Getting started
Download Andromeda from one of the two mirrors:
Then drag the application from the disk image to your Applications folder. Start Andromeda. All you need to do by way of setup is tell Andromeda where your (legally licensed) TLG-E and/or PHI 5 databases are. If you have them on CD-ROM the way most people do, just insert the disc and Andromeda will automatically detect them.
Then you get to the really fun part.
Tabbed browsing
Andromeda has tabbed reading, so you can effortlessly flip back and forth between Vergil and Servius, Homer and Eustathius and Venetus A, Aeschylus and Euripides. You can move tabs between windows and drag them out into their own separate windows. Best of all, you can define a corpus of texts (think iTunes playlist) and then open them all up in a single tabbed window.
Once Andromeda has Perseus’ collection of translations and commentaries at your disposal, you’ll be able to move between them effortlessly and “pin” one tab’s movement to another. As you’re reading the actual text, the translation and commentary, if available, will scroll invisibly, so every time you change tabs the text is “synced up.” No more fumbling paper commentaries and translations — in Andromeda they’ll keep up with you as you read.
Smart Corpora
Andromeda also has Smart Corpora. Just define a set of criteria (language is Greek, genre is epic) and Andromeda will find them all out for you. Once Andromeda has a full-text search engine, think how easy it will be for you to target the texts you’re actually interested in rather than slogging through endless results from Nonnus. Or, if you’re interested in Nonnus, you can turn off Callimachus and Homer.
Lexical tools
Andromeda comes with Perseus’ morphology tools built-in along with the Liddell-Scott-Jones lexicon for Greek and Lewis-Short for Latin. Just right-click a word and ask for it to be parsed.

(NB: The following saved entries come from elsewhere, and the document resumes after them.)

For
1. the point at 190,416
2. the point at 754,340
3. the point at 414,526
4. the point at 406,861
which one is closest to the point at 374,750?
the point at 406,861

Andromeda does the rest.
Searching texts
Andromeda doesn’t do a full-corpus text search just yet, but it gives you everything you need to search through a single text. There are three supported search modes: literal, whole word, and lemmatic. Literal search looks for exactly what you entered without considering word boundaries, so a search for arma will also match perarmatus. A whole word search for arma will only match arma.
By far the most powerful search mode in Andromeda is lemmatic search. In this mode, you enter a dictionary headword and Andromeda will try to find all inflected forms of that word in the document. It’s still highly experimental, though, so don’t be surprised if you hit a hiccup or two on the way.
Handout Maker
The real showoff plugin for Andromeda right now is the Handout Maker. You’ve probably had one of those moments in your career where you had about five minutes to throw together a five-page handout; now you don’t have to worry anymore:
All you have to do is select the author, text, and edition, and then provide the citations. Andromeda does the rest. Once you’re done, just click “Save As” and you’re done. You can name the file with either a .rtf or a .doc extension depending on what format you want, but all modern word processors speak both languages.
Now the worst part of that five minutes will be wondering what to do with the other four.
(NB: don’t abbreviate your citations! If you tell Andromeda 1.1-5 instead of 1.1-1.5, it will get confused and engage in what programmers like to call “undefined behavior.” This is a bug to be fixed in the future.)
Preferences
Andromeda separates the two fonts it uses to display Greek and Latin text, so you don’t need to choose Gentium or another font that supports both character sets — you can set each one individually.
That concludes the tour for now. Please exit through our gift shop.